The European Parliament approves a new package of EU-wide financial measures, creating four new watchdogs.

The measures before the European Parliament aim to stop the collapse of any one institution from collapsing the European banking sector.
The measures before the European Parliament aim to stop the collapse of any one institution from collapsing the European banking sector.
Image: Alastair Grant/AP

THE EUROPEAN PARLIAMENT has this morning voted to vote in favour of introducing a new pan-European banking supervisor and regulator for the European Union .

The new accord sets up four new financial watchdogs with jurisdiction over the continent’s banking, markets, securities and insurance sectors.

The goal of the new system is to establish a closer co-operation and a broader degree of co-ordination between the regulatory frameworks already in place within member states, and also to slowly harmonise the legal landscapes of the 27-member bloc’s banking systems.

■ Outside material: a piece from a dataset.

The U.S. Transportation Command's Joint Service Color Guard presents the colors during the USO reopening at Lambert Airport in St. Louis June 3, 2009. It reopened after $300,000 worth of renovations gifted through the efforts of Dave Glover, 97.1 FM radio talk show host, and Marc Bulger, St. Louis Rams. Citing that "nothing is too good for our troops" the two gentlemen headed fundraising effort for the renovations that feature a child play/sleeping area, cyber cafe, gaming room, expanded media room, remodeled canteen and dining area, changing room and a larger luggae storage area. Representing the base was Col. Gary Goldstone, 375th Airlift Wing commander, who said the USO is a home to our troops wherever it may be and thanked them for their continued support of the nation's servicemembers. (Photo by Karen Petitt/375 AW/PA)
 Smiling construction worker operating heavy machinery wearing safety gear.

The European Banking Authority, by far the most significant of three new bodies to be set up, will be based in London and feature representatives from the heads of European central banks on its board.

The European Systemic Risk Board, meanwhile, will involve the heads of all of Europe’s central banks, including Ireland’s Patrick Honohan, and will be chaired by ECB president Jean-Claude Trichet.

It will deal with scrutinising large banks operating across member states, and will step in to adjudicate on the liabilities of individual member states should an institution operating across the EU’s internal borders fail.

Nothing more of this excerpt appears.